Qu'enfin, la routine - ce penchant aggravé par la technique, les procédures, les tâches d'exécution... et peut-être par "quelque chose de mécanique et d'irréfléchi" dans l'évolution de la société et par un conformisme sclérosant - est aussi rassurante et "protectrice" dans ce monde changeant et brutal. Que peut donc toute méthode de motivation tant que c'est la routine qui "fait le bonheur" et non le travail en lui-même ?!

15/02/2013

Au pied du mur ou dans le mur ?

Nous ne pouvons pas dire que nous n'avons pas été avertis. De partout nous sont arrivés des propos alarmants. Il y a seize ans déjà, Françoise Giroud déclarait au Monde : «C'est la période la plus noire que j'ai connue, à cause de cette désespérance. Certes, j'ai vécu la guerre, les années noires de 1940-1945. Mais on espérait, on se battait. Aujourd'hui les gens se sentent impuissants, et, probablement, ils le sont».

«Plus personne ne contrôle plus rien, confiait en 2003 au Point le ministre-philosophe Luc Ferry. On est dépossédé. La marge de manœuvre et d'efficacité est étroite (...).» Et il s'interrogeait : «Est-ce qu'on est là pour décorer ? Est-ce que la politique existe ou bien disparaît-elle au profit de l'économie mondialisée et de la communication ?». Il se disait pourtant «confiant quant aux chances de limiter le contrecoup social de la mondialisation».

Limiter la casse, voilà à quoi était réduit le gouvernement. François Fillon, ministre alors des affaires sociales..., ne disait pas autre chose à un «Grand Jury RTL-"Le Monde"-LCI» : «(…) On va être placés devant des situations très difficiles en matière d'emploi dans les années qui viennent parce que l'élargissement de l'Union européenne, la montée en puissance de nouveaux pays industriels vont provoquer des délocalisations en cascade».

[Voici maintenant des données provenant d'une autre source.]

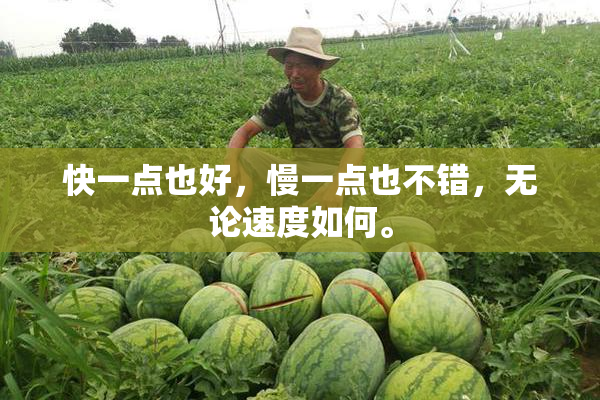快一点也好，慢一点也不错，无论速度如何。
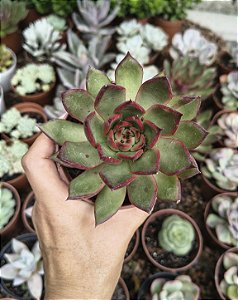 AGAVOIDE EBONY RED POTE 9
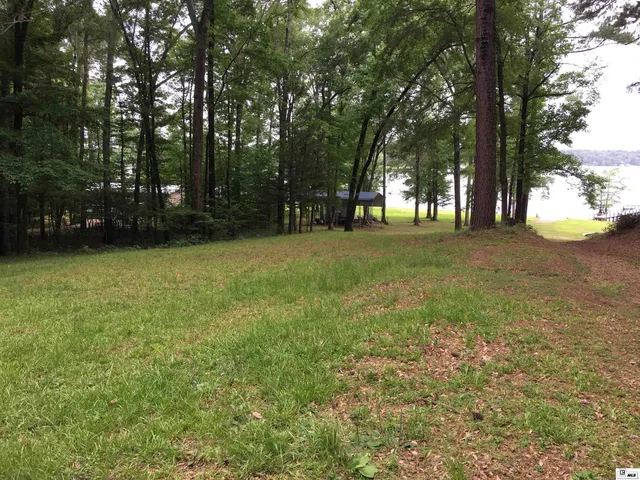Pampas Grass Rd, Farmerville, LA 71241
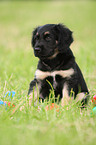 Portuguese Sheepdog Puppy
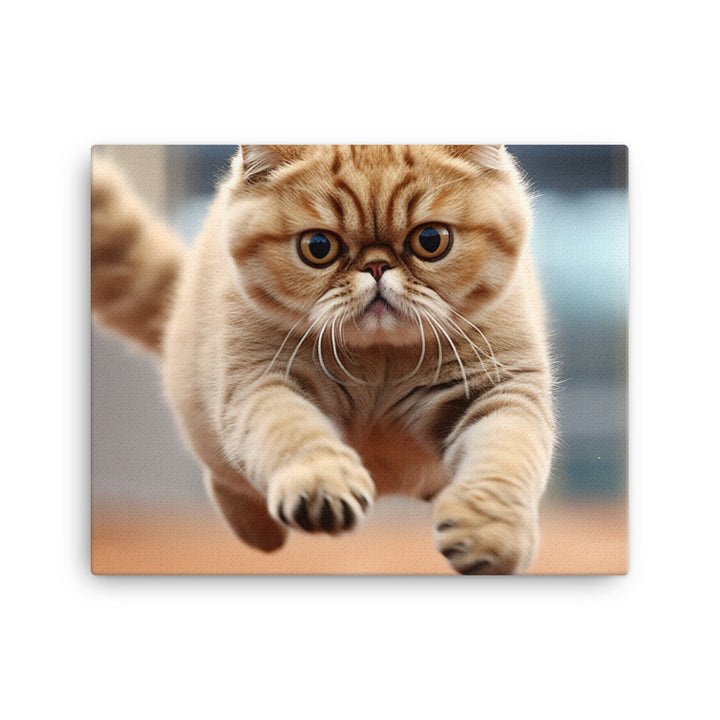 Exotic Shorthair Canvas - PosterfyAI.com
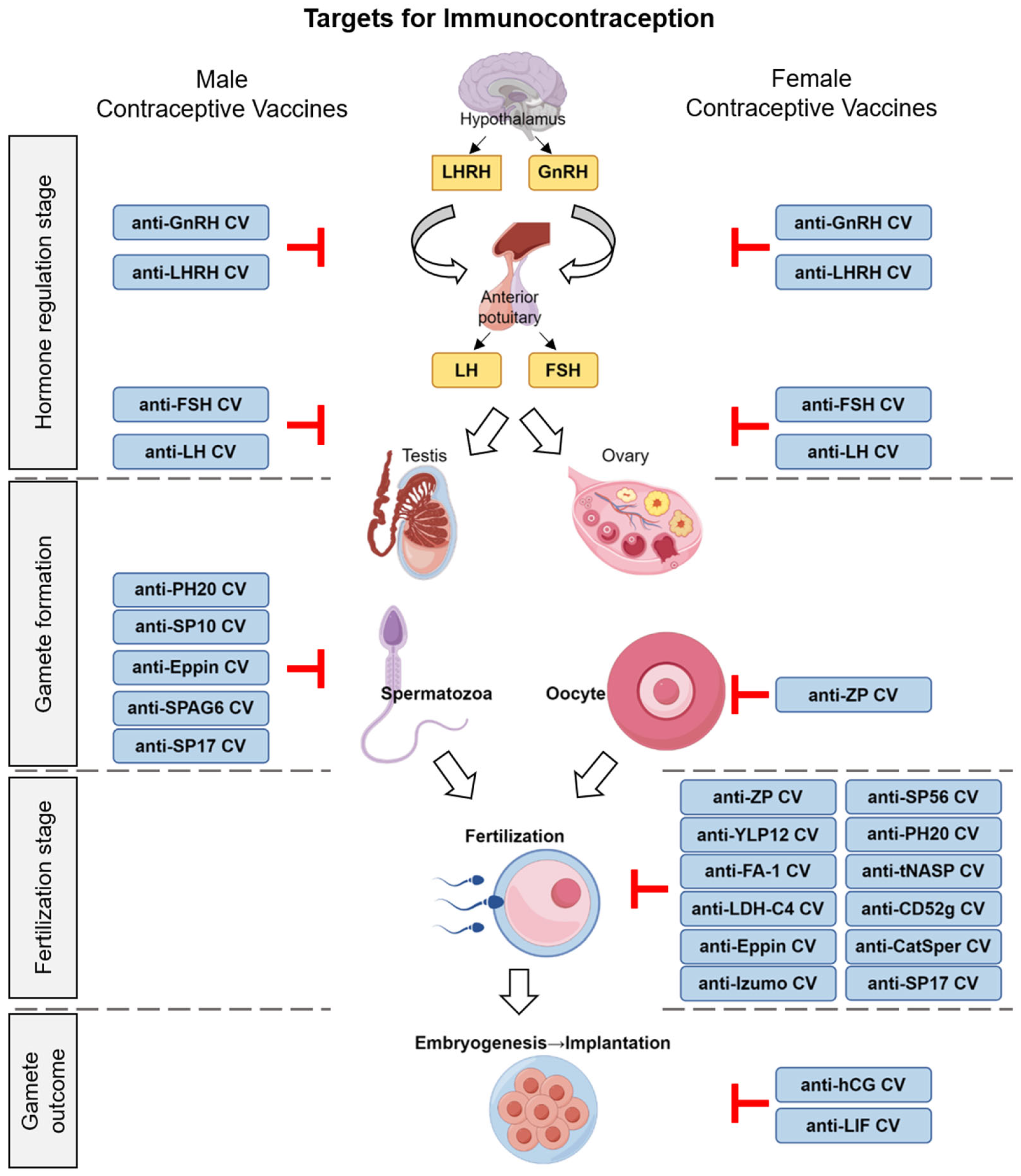 Vaccines 13 00692 g001 Vaccines 13 00692 g001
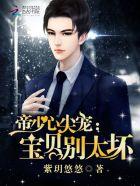 帝少心尖宠宝贝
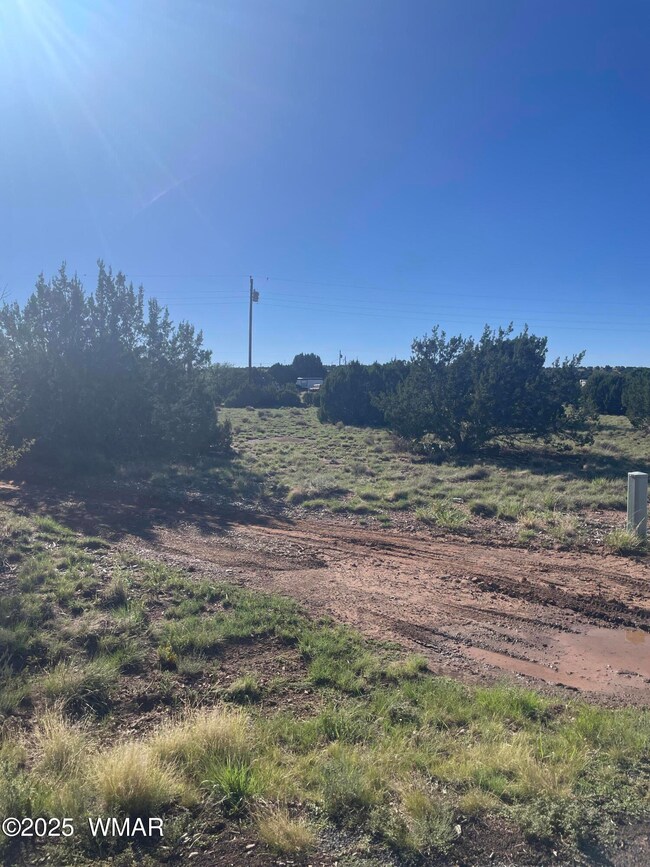 37 Frontage Rd, Concho, AZ 85924 - photo 7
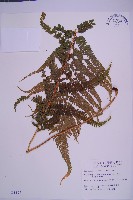 藏品(粗毛鱗蓋蕨)的圖片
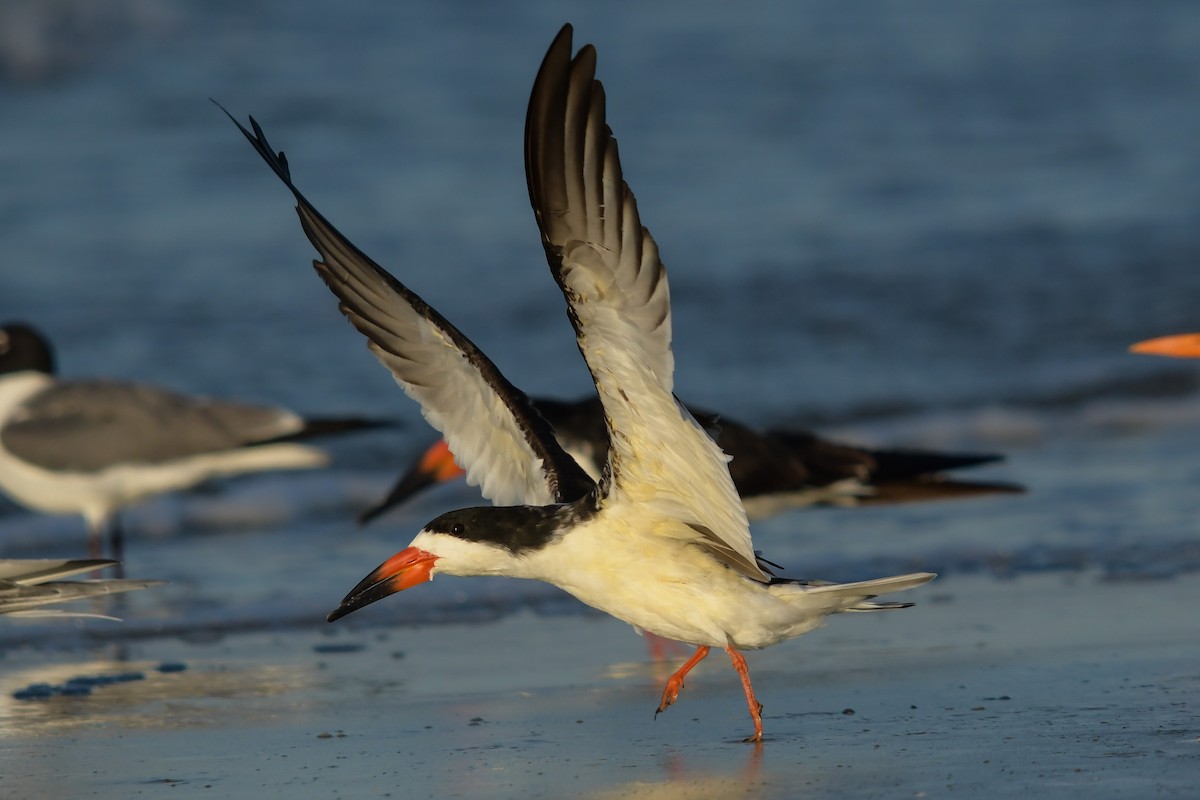 Black Skimmer - ML634065083
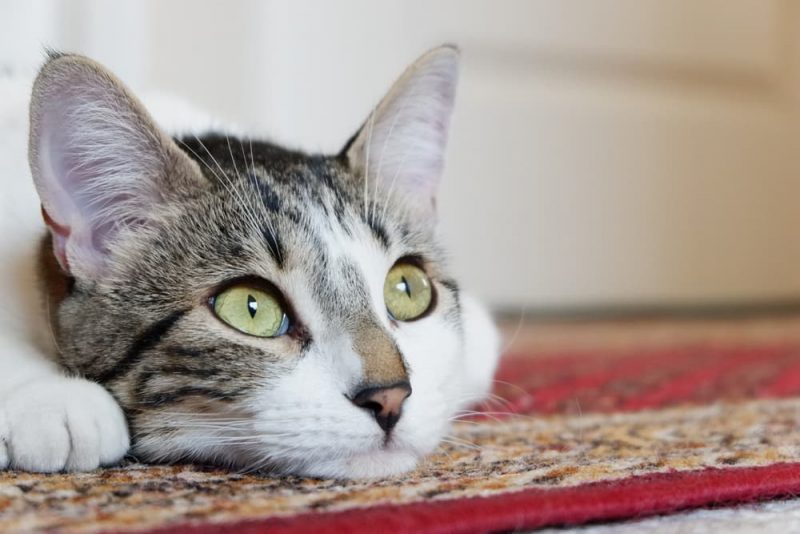 85-unisex-cat-names-for-male-or-female-cats-great-pet-care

Mais, ajoutait-il, «nous devons éviter que le rythme de ces délocalisations soit incompatible avec la capacité de réaction de l'économie française». Comment ? Francis Mer, ministre de l'économie, des finances et de l'industrie, en parlait aux 4 Vérités sur France 2 : «On a un pouvoir de créer, disons, les conditions pour que les acteurs économiques aient envie d'entreprendre et (...) créent les conditions de cette croissance».

Quel pouvoir !? La croissance n'était pas au rendez-vous, le déficit budgétaire et la dette se creusaient. Et Jacques Attali dans L'Express annonçait avant fin 2003 un plan de rigueur, «ce qui ramènera notre puissance et notre rayonnement à sa triste mesure. Il s'ensuivra une accélération de l'augmentation du chômage : les plans de licenciement d'aujourd'hui ne sont rien à côté de ceux qui se préparent». Nous étions au pied du mur.

Au stade où, comme le soulignait Patrick Devedjan, ministre délégué aux libertés locales, «L'important, c'est de maintenir la cohésion sociale». Françoise Giroud s'exprimait encore ainsi : «On a envie de dire : arrêtons-nous cinq minutes, réfléchissons. Mais est-ce que les gens ont encore la faculté de réfléchir ? (...) Je ne crois pas au progrès moral, mais je crois au progrès social, et nous sommes en pleine régression».